WHAT YOU HAVE TO DO:
An unchanged copy of each entry below is needed; keep the pictures out of it.
=== Begin Enclosure ===
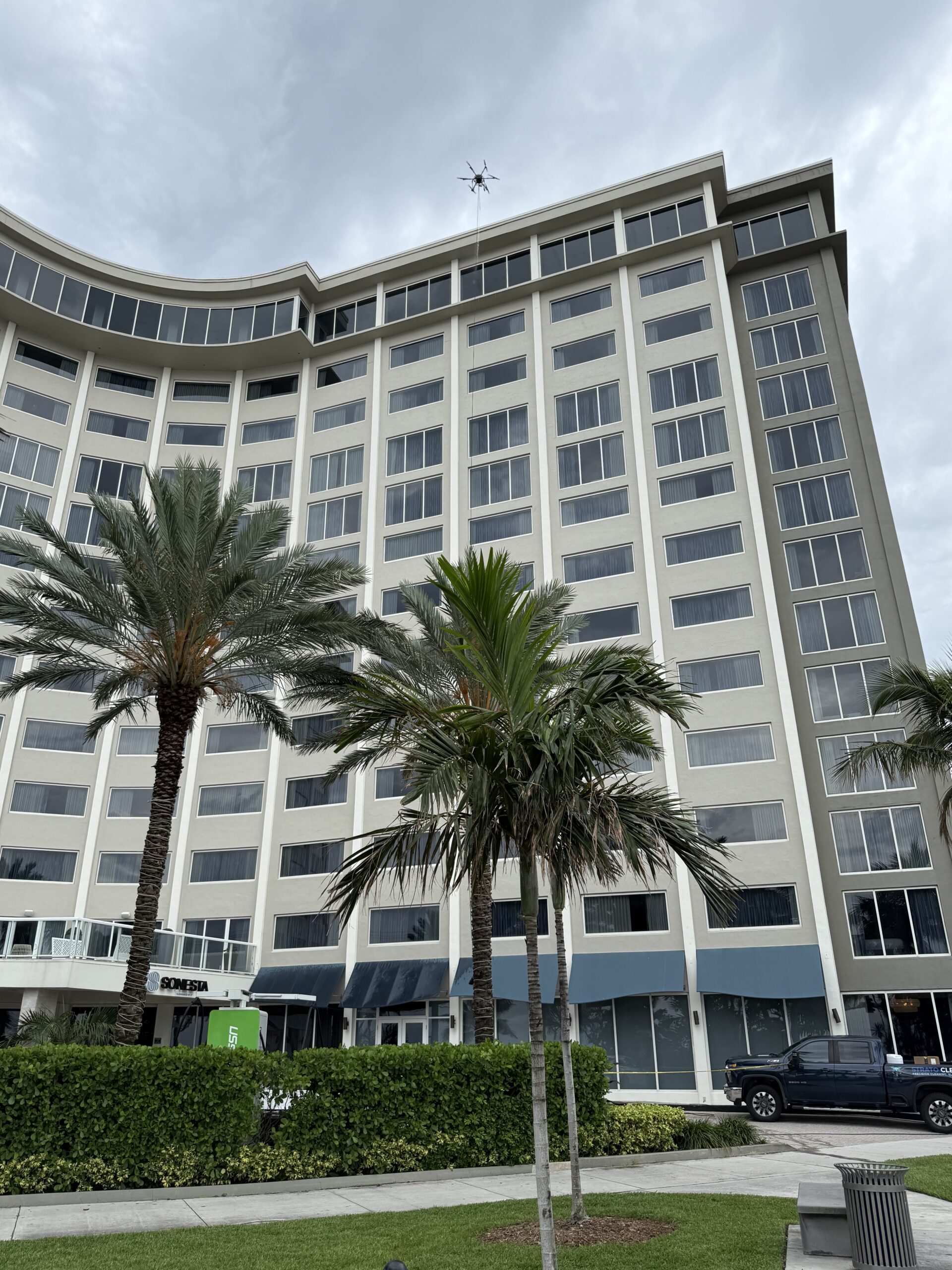 Drone window washing on a multi-story oceanfront South Florida hotel facade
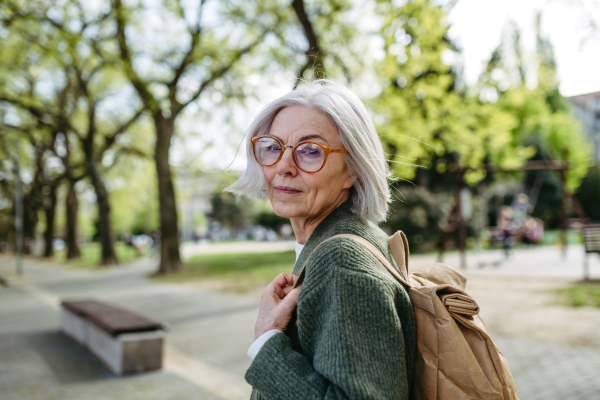 Portrait of stylish mature woman with gray hair on a city street, enjoying beautiful weater during free weekend day.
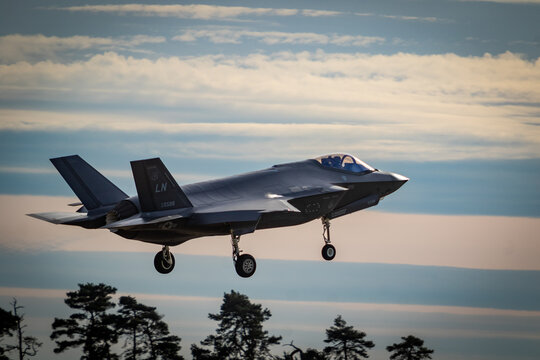 F35 coming into land at RAF Lakenheath with landing gear down during sunset, image shows a colourful sunset with clouds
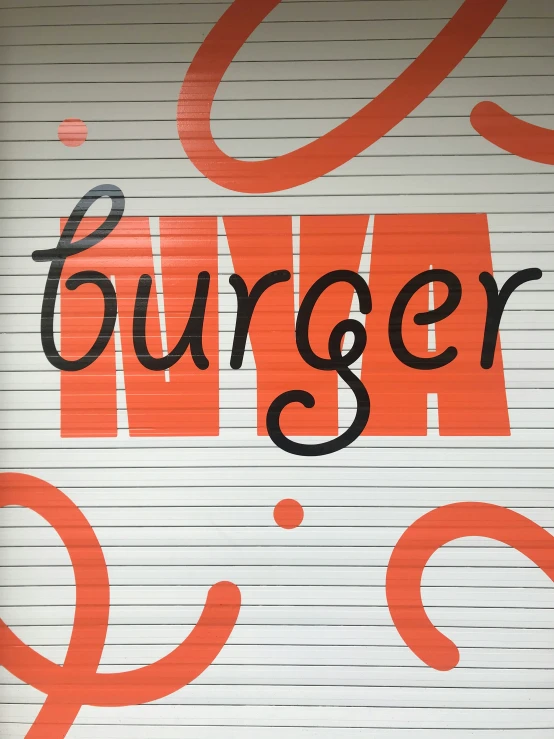 the word burger is painted on a closed garage door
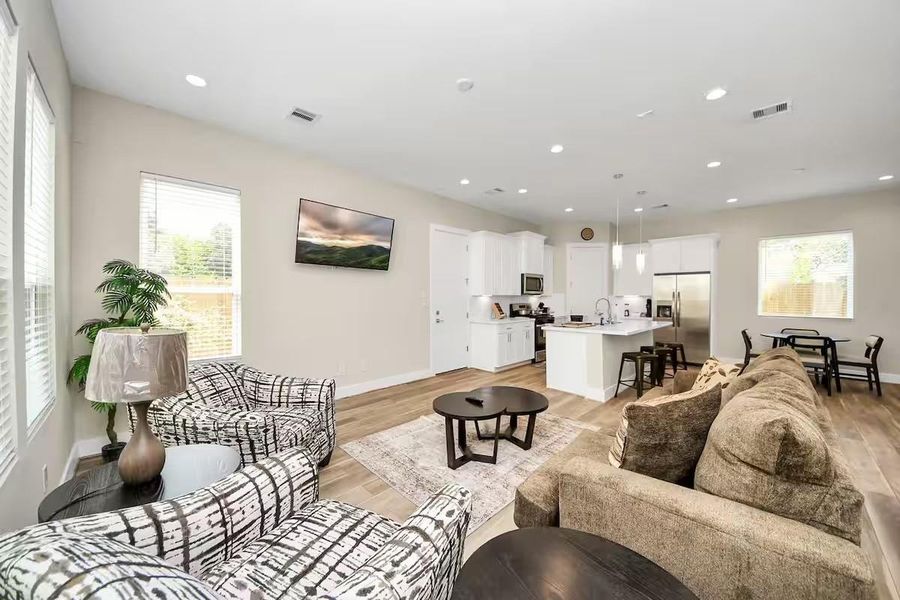 The main living space keeps everything connected, giving you an easy flow from relaxing on the couch to cooking, dining, and entertaining.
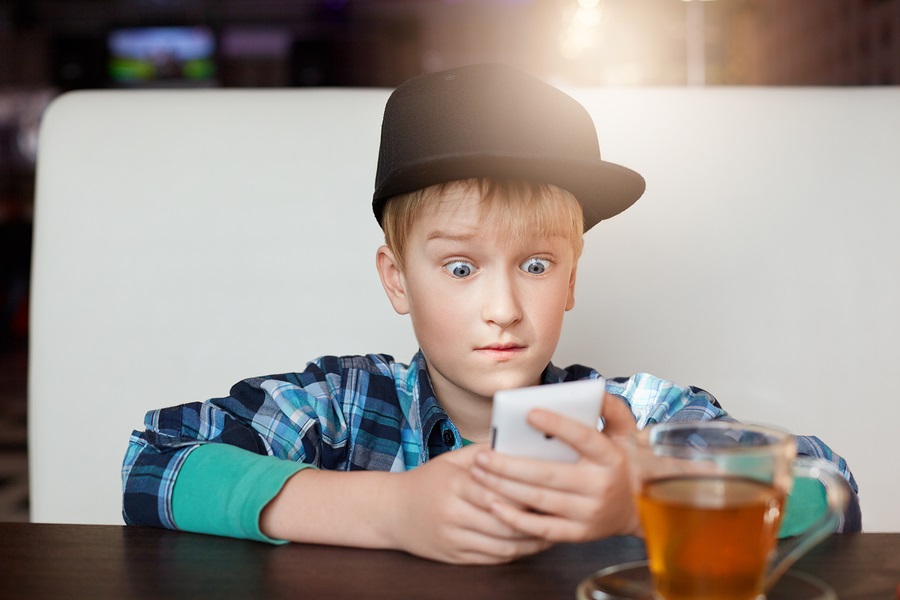young-boy-looking-at-cell-phone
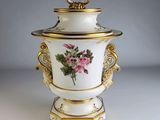 an image of a white vase with pink flowers on it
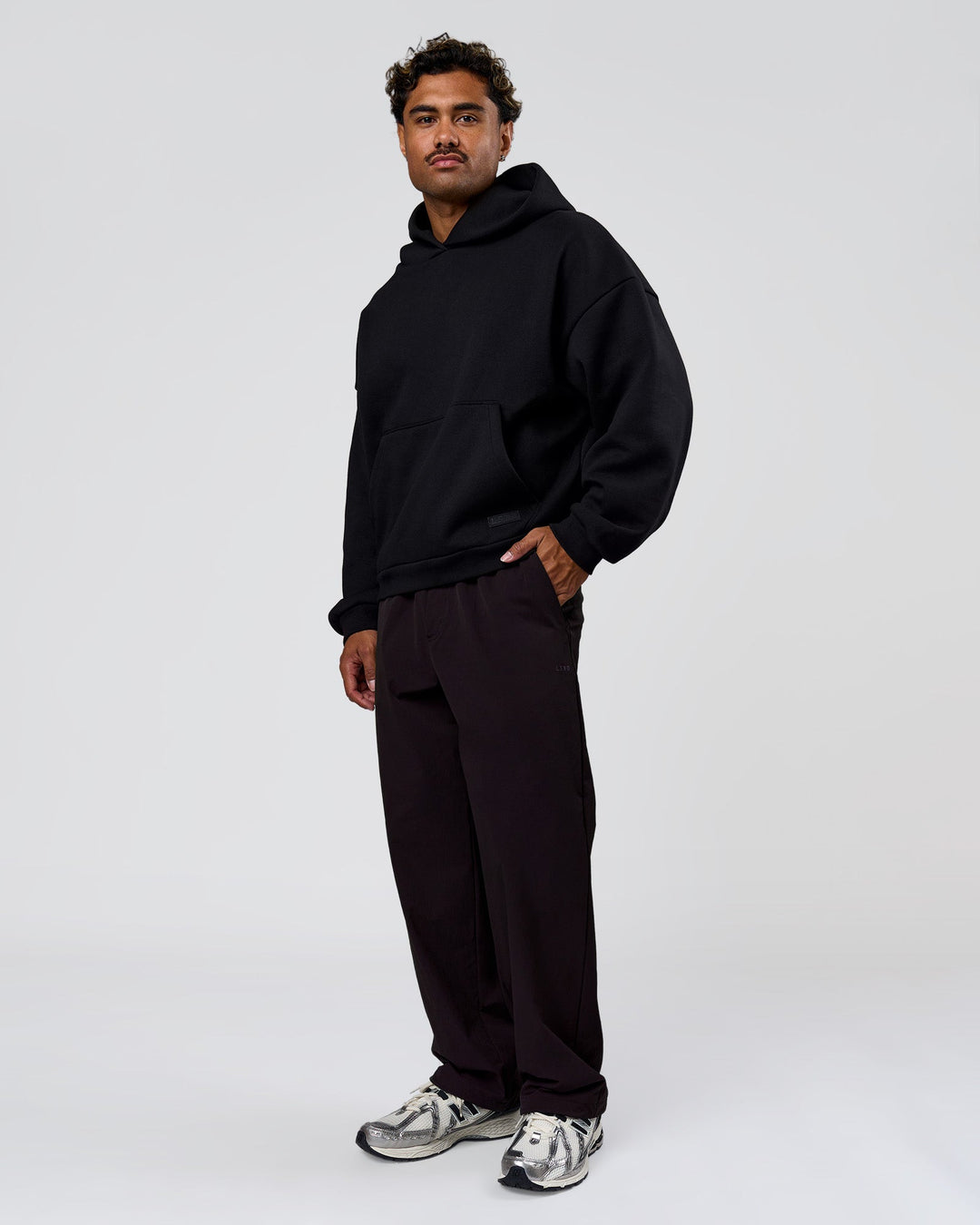 Man wearing Tonal Legacy Boxy Hoodie - Black-Black | Model:Xav | Size:L - view 10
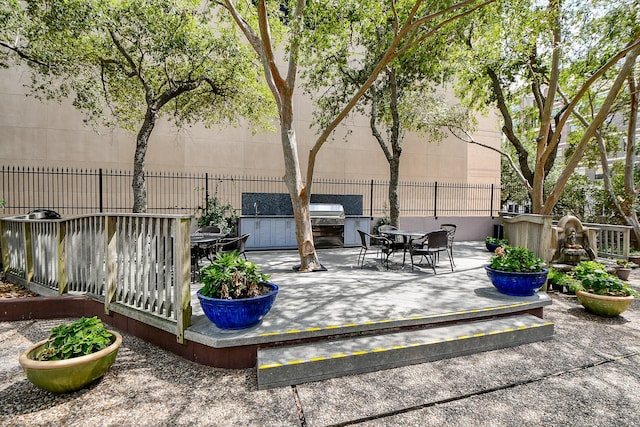 wooden terrace featuring an outdoor kitchen and a patio area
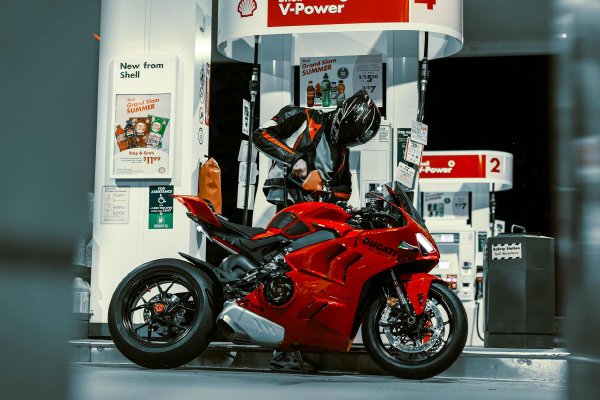 Motorcycle rider at a fuel station checking mileage before filling the tank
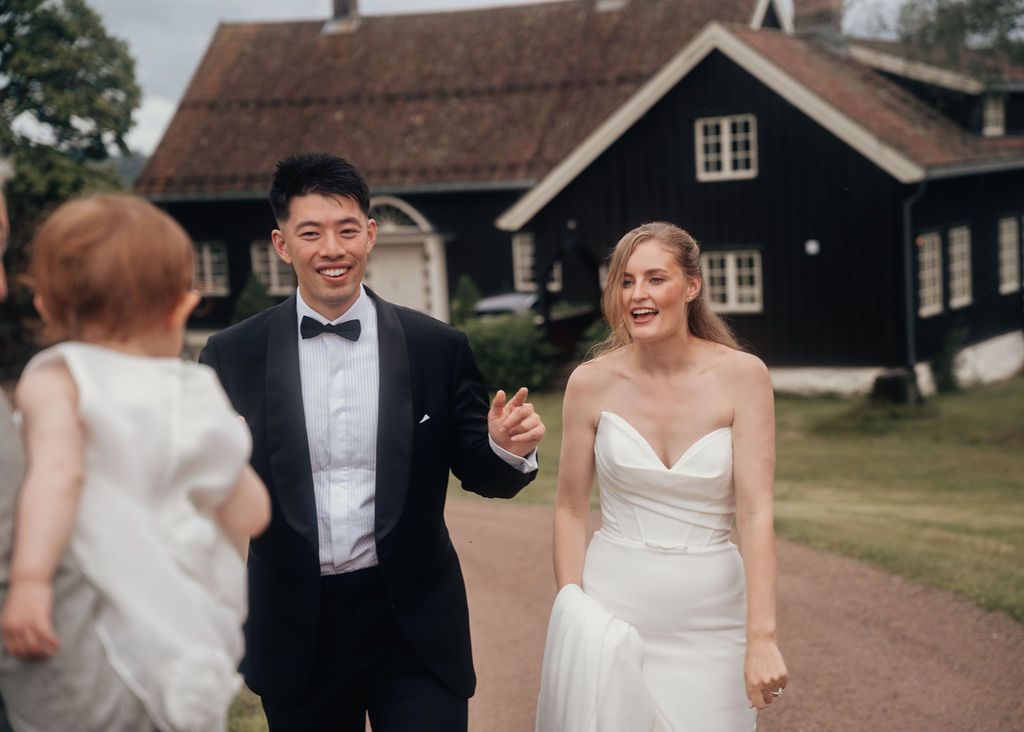 Wedding party walking and laughing together on a path near rustic buildings.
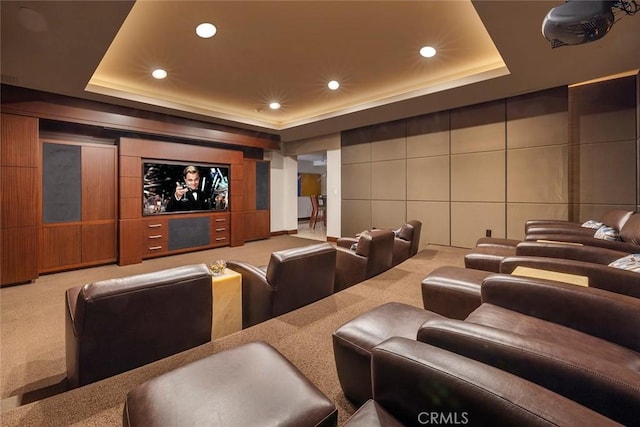 carpeted home theater with a raised ceiling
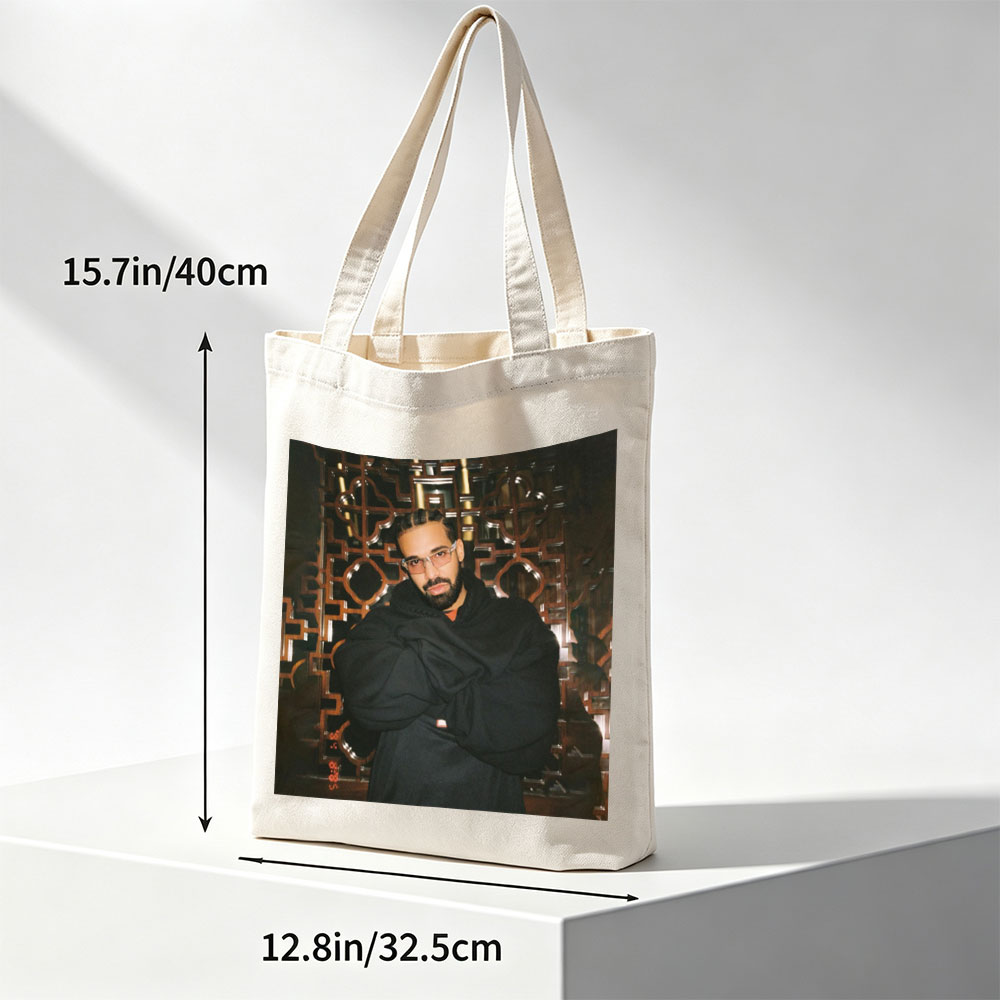 Drake in a Stylish Pose Against an Ornate Background Wearing Glasses and a Black Hoodie - Canvas tote bags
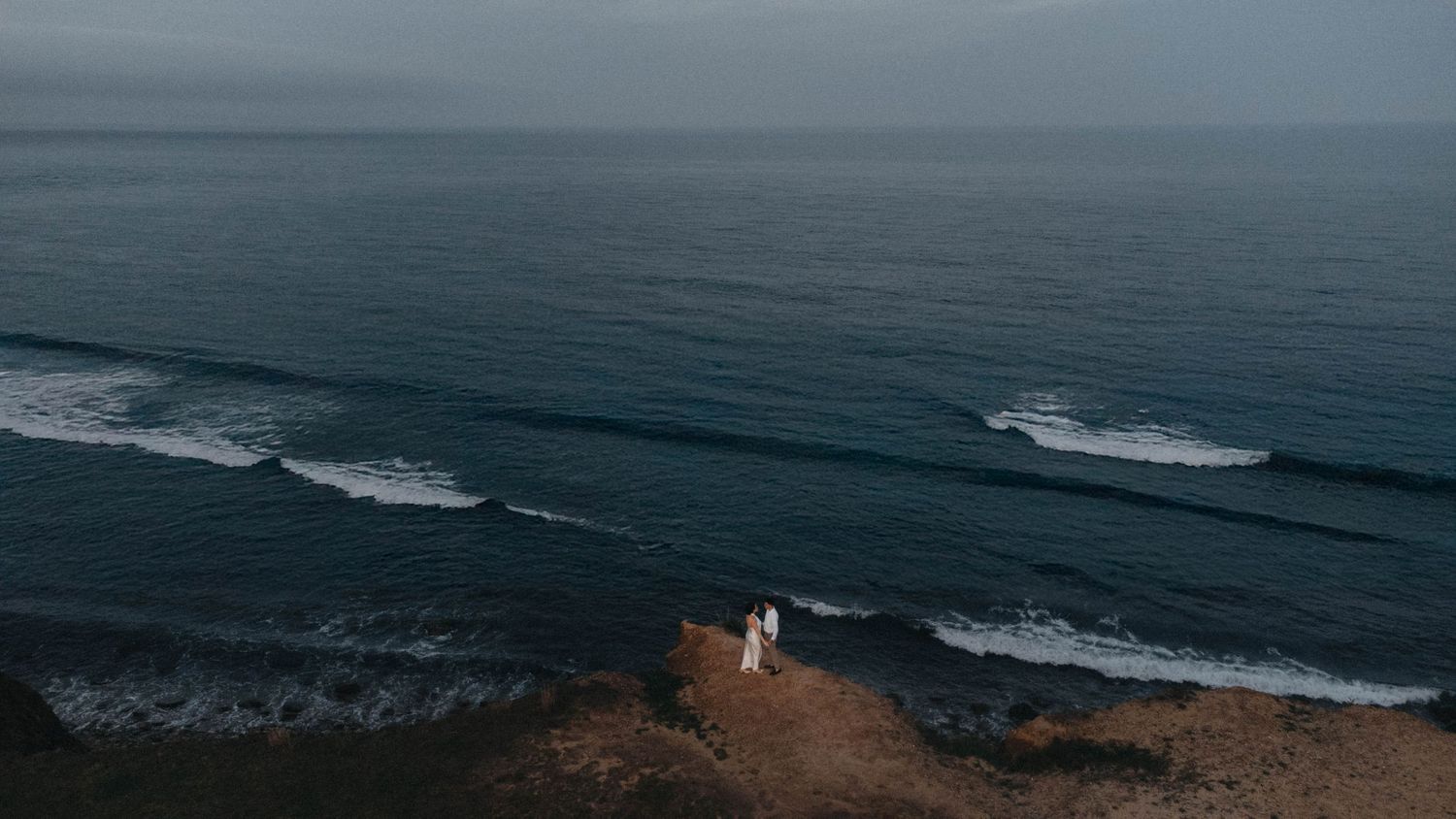 Aerial drone shot of bride and groom standing on coastal cliffs above ocean.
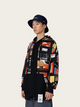 Person wearing a black jacket with colorful graphic designs and a black hat on a white background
=== End Enclosure ===
ANSWER BELOW:
 Drone window washing on a multi-story oceanfront South Florida hotel facade
 Portrait of stylish mature woman with gray hair on a city street, enjoying beautiful weater during free weekend day.
 F35 coming into land at RAF Lakenheath with landing gear down during sunset, image shows a colourful sunset with clouds
 the word burger is painted on a closed garage door
 The main living space keeps everything connected, giving you an easy flow from relaxing on the couch to cooking, dining, and entertaining.
young-boy-looking-at-cell-phone
 an image of a white vase with pink flowers on it
 Man wearing Tonal Legacy Boxy Hoodie - Black-Black | Model:Xav | Size:L - view 10
 wooden terrace featuring an outdoor kitchen and a patio area
 Motorcycle rider at a fuel station checking mileage before filling the tank
 Wedding party walking and laughing together on a path near rustic buildings.
 carpeted home theater with a raised ceiling
 Drake in a Stylish Pose Against an Ornate Background Wearing Glasses and a Black Hoodie - Canvas tote bags
 Aerial drone shot of bride and groom standing on coastal cliffs above ocean.
 Person wearing a black jacket with colorful graphic designs and a black hat on a white background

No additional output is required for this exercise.